Chronic obstructive pulmonary disease (COPD) is an inflammatory disease of the lung, mainly caused by cigarette smoke (CS) and characterized by bronchiolitis and emphysema. Ferroptosis, an iron-dependent form of regulated necrosis, is characterized by lipid peroxidation that leads to oxidative stress and cell death.

This study aimed to evaluate the presence of ferroptosis markers in lungs of COPD patients and investigate the therapeutic potential of inhibiting ferroptosis in two experimental COPD models using the ferroptosis inhibitor UAMC-3203.

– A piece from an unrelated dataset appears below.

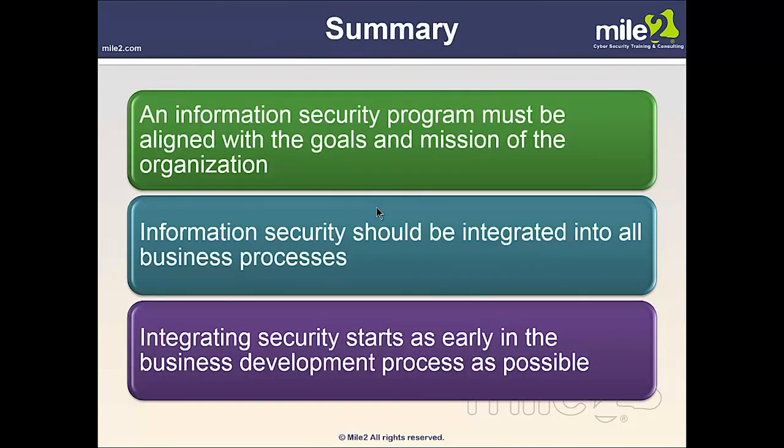In summary, an information security program must be aligned with the goals and mission of the organization. Information security should be integrated into everything that you do as a business — all your processes. Not an afterthought, but an integral part.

mRNA expression and protein levels of the key ferroptosis regulator glutathione peroxidase 4 (GPX4) were quantified in lung tissue from individuals with and without COPD using RT-PCR and immunohistochemistry. Lipid peroxidation in lung macrophages was evaluated through E06 staining. C57BL/6 mice were either exposed to air or CS for 4 weeks to examine pulmonary inflammation or subjected to oropharyngeal elastase instillation to model the development of pulmonary emphysema. The animals were treated daily with increasing doses of UAMC-3203 or placebo via intranasal instillation.

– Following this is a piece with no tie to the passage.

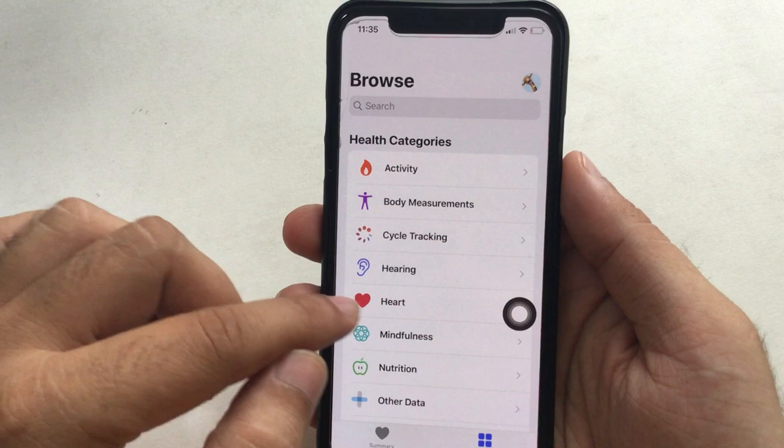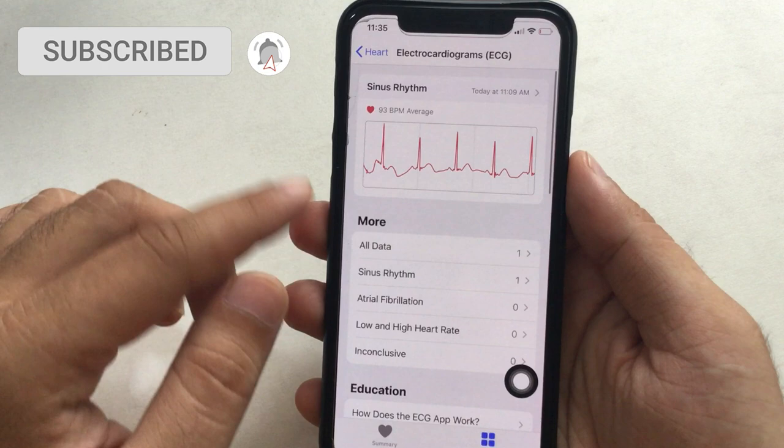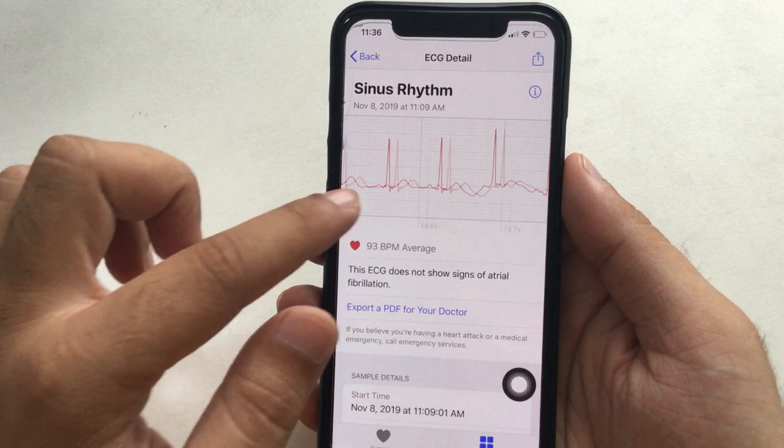Tap on the graph or swipe to the right to view the full recording. Here's the option to export PDF for your doctor. Otherwise, to print or share this sheet, tap on the sharing icon at the top right corner of the screen.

Results showed that GPX4 mRNA expression in lung tissue and GPX4 protein levels in airway epithelium were significantly higher in patients with severe COPD. E06 staining revealed significantly higher lipid peroxidation in lung macrophages of current smokers both with and without COPD. Pharmacological inhibition of ferroptosis using UAMC-3203 dose-dependently attenuated inflammation in bronchoalveolar lavage in CS-exposed mice and significantly protected against elastase-induced emphysema.

These findings suggest that ferroptosis is increased in lungs of COPD patients and contributes to the pathogenesis of the disease.